The Virtualitics documentation online is not good, especially with regards to what data type is needed in the dataset for each feature and plot type to work. For example, having data on countries in the world does not mean that the 3D map will work. From the videos I saw online and my failed trial and error attempts, it seems to be that longitude and latitude is needed for that.
Additionally, it can be challenging to manipulate the dataset once it is uploaded into Virtualitics, which can pose a challenge for satisfying the different data type criteria for the plot types. For example, a histogram can take a categorical variable and show the frequency by the height of the bars, but for a line plot to show the count of a filtered categorized variable, proved extremely difficult and seemed more time consuming. You needed a more advanced understanding of how to make additional columns of data in Virtualitics, how to change variables to numerical representations, applying sums to those, and inputting that number as a datapoint. Virtualitics does not have detailed documentation on how to complete this beyond identifying data manipulation as a feature.
Virtualitics smart mapping feature was extremely helpful for an initial and speedy orientation of the best visualization approach for the data and then it's much faster to customize from an already completed format. It’s like looking at an example and working backwards, which is helpful in a trial and error system where many of the features are not compatible with the dataset. You get to start with what works in Virtualitics and sub out what does not work with your goals, and you ultimately end up changing less features than if you started from scratch. It also helps brainstorm alternative perspectives to look at the data.

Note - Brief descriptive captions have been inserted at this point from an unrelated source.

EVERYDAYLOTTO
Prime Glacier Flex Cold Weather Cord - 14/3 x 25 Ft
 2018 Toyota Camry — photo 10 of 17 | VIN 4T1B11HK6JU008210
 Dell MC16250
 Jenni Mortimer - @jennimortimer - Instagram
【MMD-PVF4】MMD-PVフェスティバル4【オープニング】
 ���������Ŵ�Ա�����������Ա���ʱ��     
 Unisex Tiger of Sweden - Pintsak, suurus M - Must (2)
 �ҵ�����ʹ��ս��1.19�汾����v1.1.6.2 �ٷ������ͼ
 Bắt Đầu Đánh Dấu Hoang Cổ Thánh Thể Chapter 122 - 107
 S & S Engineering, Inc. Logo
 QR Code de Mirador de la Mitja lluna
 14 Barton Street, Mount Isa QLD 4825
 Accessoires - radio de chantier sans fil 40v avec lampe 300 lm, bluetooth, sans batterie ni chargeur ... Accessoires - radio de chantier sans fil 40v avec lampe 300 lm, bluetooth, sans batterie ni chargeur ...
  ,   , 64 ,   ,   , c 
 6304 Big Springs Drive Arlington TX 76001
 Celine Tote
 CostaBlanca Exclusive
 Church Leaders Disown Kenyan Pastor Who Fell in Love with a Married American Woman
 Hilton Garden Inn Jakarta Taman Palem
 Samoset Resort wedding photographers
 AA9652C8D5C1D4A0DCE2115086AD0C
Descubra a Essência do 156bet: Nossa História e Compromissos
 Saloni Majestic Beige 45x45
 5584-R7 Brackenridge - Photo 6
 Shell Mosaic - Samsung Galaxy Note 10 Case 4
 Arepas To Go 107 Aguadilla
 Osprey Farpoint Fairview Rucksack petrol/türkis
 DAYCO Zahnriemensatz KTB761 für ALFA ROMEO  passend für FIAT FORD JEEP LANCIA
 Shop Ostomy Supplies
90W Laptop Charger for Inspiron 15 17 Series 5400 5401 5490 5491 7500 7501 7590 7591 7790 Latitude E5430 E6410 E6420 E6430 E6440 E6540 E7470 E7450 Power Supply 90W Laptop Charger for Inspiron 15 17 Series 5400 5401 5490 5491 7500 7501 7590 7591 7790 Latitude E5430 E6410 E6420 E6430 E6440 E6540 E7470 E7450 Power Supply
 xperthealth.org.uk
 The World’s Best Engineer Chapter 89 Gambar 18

People initially look at the axis instead of the legend to identify the bars. This can often results in misidentification. Athletics was confused for arts competition. Additionally, people commented that it was hard to read the axis with so many categories, so having the bars color-coded was very helpful (which was the case when filtered to only look at female participation (Q3 and Q4)). Another helpful approach to address the difficult-to-read axis is to have someone sharing what the colors and axis are while a partner scales and rotates the graph in 3D. This is great because it makes the Virtualitics experience (even when limited by the number of licenses) even more collaborative.
If there's a setup for a study administrator and participant, then the most efficient approach is for the study to have the participant keep the headset on throughout the entire analysis session. The study administrator will switch between projects as they follow the folder sequence and enter/exit VR mode. This will result in the message "Please Take Off the VR Headset". The participant should ignore this message and not take off the headset.